Segundo Sérgio Ricardo, a proposta foi apresentada pelo conselheiro Antônio Joaquim após verificar que Várzea Grande gera aproximadamente R$ 1,5 bilhão em arrecadação do imposto, mas recebe cerca de R$ 400 milhões em repasses.

“Se o município arrecada, o recurso precisa retornar para ele. Vamos levar essa discussão à Assembleia Legislativa porque é preciso rever essa legislação. Não é razoável retirar recursos de quem arrecada para redistribuí-los sem uma análise criteriosa dos impactos financeiros”, defendeu.

Discussão chegará ao STF e ao CNJ

O presidente do Tribunal de Contas anunciou ainda que uma comitiva formada por representantes do TCE, do Tribunal de Justiça e do Fórum Nacional de Precatórios viajará a Brasília para discutir o tema diretamente com o Conselho Nacional de Justiça (CNJ) e o Supremo Tribunal Federal (STF).

Além de Várzea Grande, cerca de 40 municípios mato-grossenses enfrentam dificuldades semelhantes por causa dos bloqueios judiciais destinados ao pagamento de precatórios.

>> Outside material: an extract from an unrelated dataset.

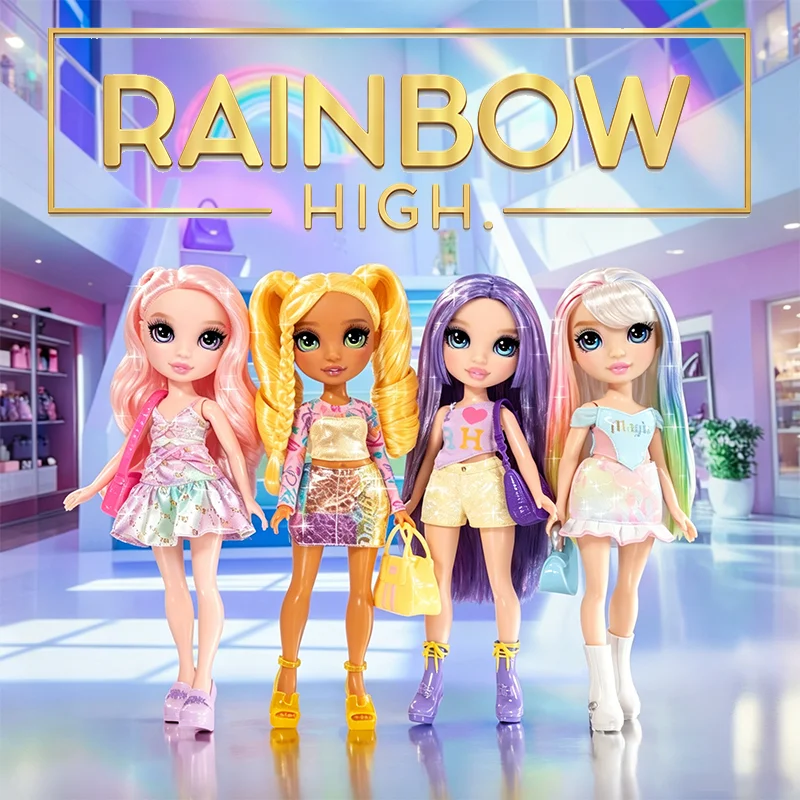 Original Rainbow High My Fashion Style 11 In Dress Up Doll Statement Outfit Stylish Handbag Glass Eyes Pink Hair Girl Gifts Toys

“Não é um problema exclusivo de Várzea Grande. Existem cerca de 40 municípios em Mato Grosso vivendo situação semelhante. Quando a conta é bloqueada, a prefeitura deixa de investir em saúde, educação, infraestrutura e serviços essenciais. O prefeito simplesmente perde a capacidade de administrar. Por isso vamos levar essa discussão às últimas instâncias do país”, afirmou.

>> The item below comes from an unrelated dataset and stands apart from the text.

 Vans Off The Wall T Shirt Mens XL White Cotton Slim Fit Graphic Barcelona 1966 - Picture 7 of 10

Solução com alcance nacional

Sérgio Ricardo acredita que o trabalho desenvolvido pelo Tribunal de Contas de Mato Grosso poderá servir de modelo para outros estados na busca de uma solução definitiva para o pagamento dos precatórios.

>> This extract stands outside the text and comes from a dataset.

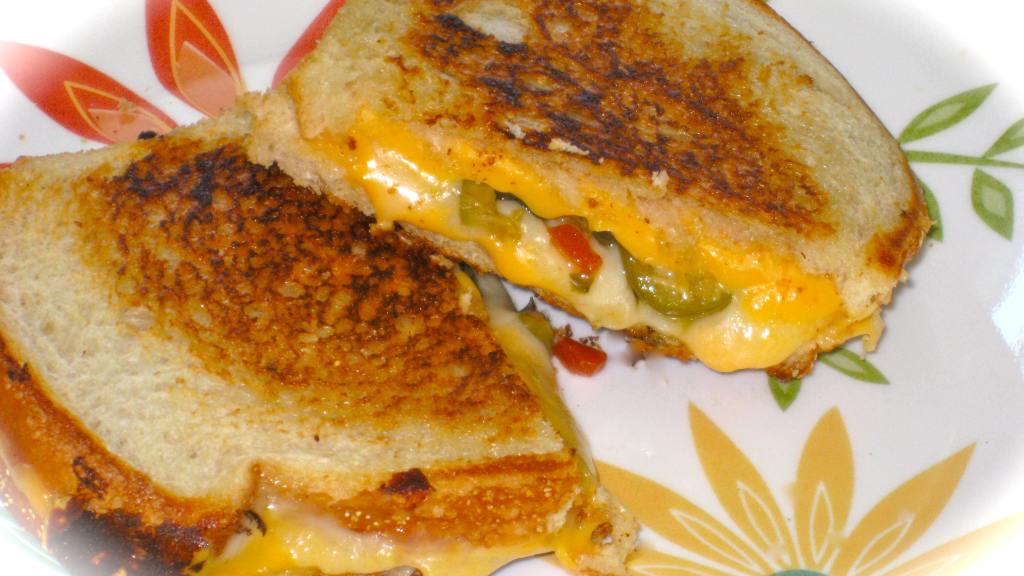 My Husband's Favorite Grilled Cheese & Green Olive Sandwich Recipe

“O Tribunal de Contas de Mato Grosso vai entrar de forma maiúscula nessa discussão. Talvez sejamos novamente os primeiros a construir um caminho que depois será seguido pelos demais tribunais brasileiros. A questão dos precatórios é gravíssima. É uma obrigação constitucional que precisa ser paga, mas também é preciso encontrar mecanismos que permitam aos municípios continuar funcionando e prestando serviços à população”, concluiu.

A mesa técnica continuará os trabalhos nas próximas semanas com a participação de representantes do Tribunal de Contas, Poder Judiciário, Governo do Estado, Prefeitura de Várzea Grande e especialistas em gestão fiscal. A expectativa é que o grupo apresente alternativas capazes de garantir o pagamento dos precatórios sem comprometer a continuidade dos serviços públicos, criando uma solução que poderá beneficiar dezenas de municípios brasileiros.